Friday, August 11, 2006

Evan tagged me because he is an inclusivist.
1. One book that changed your life: Jayber Crow by Wendell Berry
2. One book that you’ve read more than once: Jurassic Park
3. One book you’d want on a desert island: Home Economics by Wendell Berry
4. One book that made you laugh: Everybody Poops
5. One book that made you cry: The Holy Bible
6. One book your glad has been written: Any Wendell Berry book
7. One book you wish had never been written: Wild at Heart or The Prayer of Jabez
8. One book you’re currently reading: The Human Condition by Hannah Arendt
9. One book you’ve been meaning to read: Kant's Critique of Judgment

4 comments:

Meggan said...

So you are a wendell berry reader huh? I must say he is the best thing that has happened to me in terms of reading in the last two years. His writting on marriage in the Unsettling of America and in Sex, Economy, Freedom, And community are simply profound and better than almost anything that I have read by the evangelical marriage book industry. Im with you on Prayer of Jabez and Wild at heart for the most part. Anyway keep reading Wendell, I hope he writes a novel about Danny Green, Burley Coulter's son, before he dies. His in only seventy so I hope some more will flow from his pen. I just got word his newest collection of essays in on hold for me at the library so I am looking for it. I also bought two of his books of poetry, one novel and one collection of essays that night so I will be inundated with mr. berry for awhile. bummer.

grace and peace,

eric

Chris said...

I think Wendell Berry has an eye for connections and the importance of these connections for the health of our homes, communities, and world. I think that "prophet" is about the best descriptor I have heard.
Those two passages on marriage are glorious prescriptions (and in some cases descriptions) of what a marriage should and could be like.
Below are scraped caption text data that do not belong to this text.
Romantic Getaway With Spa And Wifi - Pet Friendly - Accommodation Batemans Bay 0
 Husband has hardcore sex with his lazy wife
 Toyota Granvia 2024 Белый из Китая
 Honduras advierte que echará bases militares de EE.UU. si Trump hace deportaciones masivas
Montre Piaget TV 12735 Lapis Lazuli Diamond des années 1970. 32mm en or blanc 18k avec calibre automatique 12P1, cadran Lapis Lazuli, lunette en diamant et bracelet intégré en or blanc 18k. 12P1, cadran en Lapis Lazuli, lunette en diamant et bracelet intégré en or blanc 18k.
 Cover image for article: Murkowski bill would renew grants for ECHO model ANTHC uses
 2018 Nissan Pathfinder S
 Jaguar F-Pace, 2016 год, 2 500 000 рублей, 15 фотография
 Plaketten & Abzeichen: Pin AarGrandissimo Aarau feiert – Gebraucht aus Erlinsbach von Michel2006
I really enjoy the talk of the community of marriage, the risk of wildness to domestic order that must be faced and respected, and also the distinction between the "feeling" of love and the "practice of love". Those two essays, "The Body and the Earth" and "Sex, Economy, People, and Community" are probably the most necessary and insightful essays I have read.
I wrote my undergraduate thesis on Berry's discussion of place, community, and home and how that has implications within patriotism. He hints at these implications a few times throughout his writings, but I thought it was something that deserved to be further addressed and wrestled with, especially in the undergraduate community of which I was a part.
For my master's thesis, I am thinking about using Berry's emphasis on community to act as a corrective to Hannah Arendt's distinction between the public and private realms. Berry begins to trace a few of these implications in S,E,F,&C, but I am going to apply them directly to Arendt's formation of these 2 realms and hope to show that without the realm of community, the public/political realm, plurality, action, and freedom (as collective political action among equals) are not possible (and perhaps draw attention to a few of Arendt's confusion of categories). But anyway, this is getting long winded.

Meggan said...

I haven't read any Arendt but a little about her in the last books and culture. My masters work (alas unfinished at the moment) was in NT studies at Regent College so I didn't read as much in other areas as I could have. My interests lie more in economics and politics (writ large, not so much US politics), ecclesiolgy, agrarianism and suprisingly theological movements like Radical Orthodoxy. Certainly how I read biblical theology and NT theology in particular is formative of how I read the economics and politics so my biblical studies programs were very valuable. I want to see how the biblical vision of new creation relates to Berry's writings but that is a work in progress.
I originally read Berry for his agricultural essays, but soon found that his though was what I would call an all encompassing vision of wholeness and interrelatedness. In this respect his work pushes me to seek God's future shalom in the present. He is a major influence on me to become a farmer in fact, a person who is the cultivate a part of God's creation in obedience to Genesis 1-2.
I'm curious why you need to correct Arndt's bifurcation of public and private sphers. Why her's in particular, as this split is rather endemic to Western society since the enlightenment. Is there something in Arndt's formulation that is worth keeping or is Berry the foil you need to simply demolish her formulation? Lots or questions from a guy who does'nt know anything about you or Arndt, but I know the feeling of trying to formulate a suitable thesis topic and it is tough to clearly define where to go with it all. I truly wish you the best of luck. Perhaps we can keep in touch.

Grace and Peace,

eric judge

Chris said...

I have a friend that is going to Regent this year and another who is taking a year off and going next year. I am about to start my second year in the MA program at the Institute for Christian Studies in Toronto.
Arendt would be a good thinker to read if you are interested in politics writ large.

The bifurcation of public and private endemic in the West since the enlightenment and finds its roots in at least as far back as the Greek polis, seems to divide two spheres that are much more interconnected throughout Western thought and action.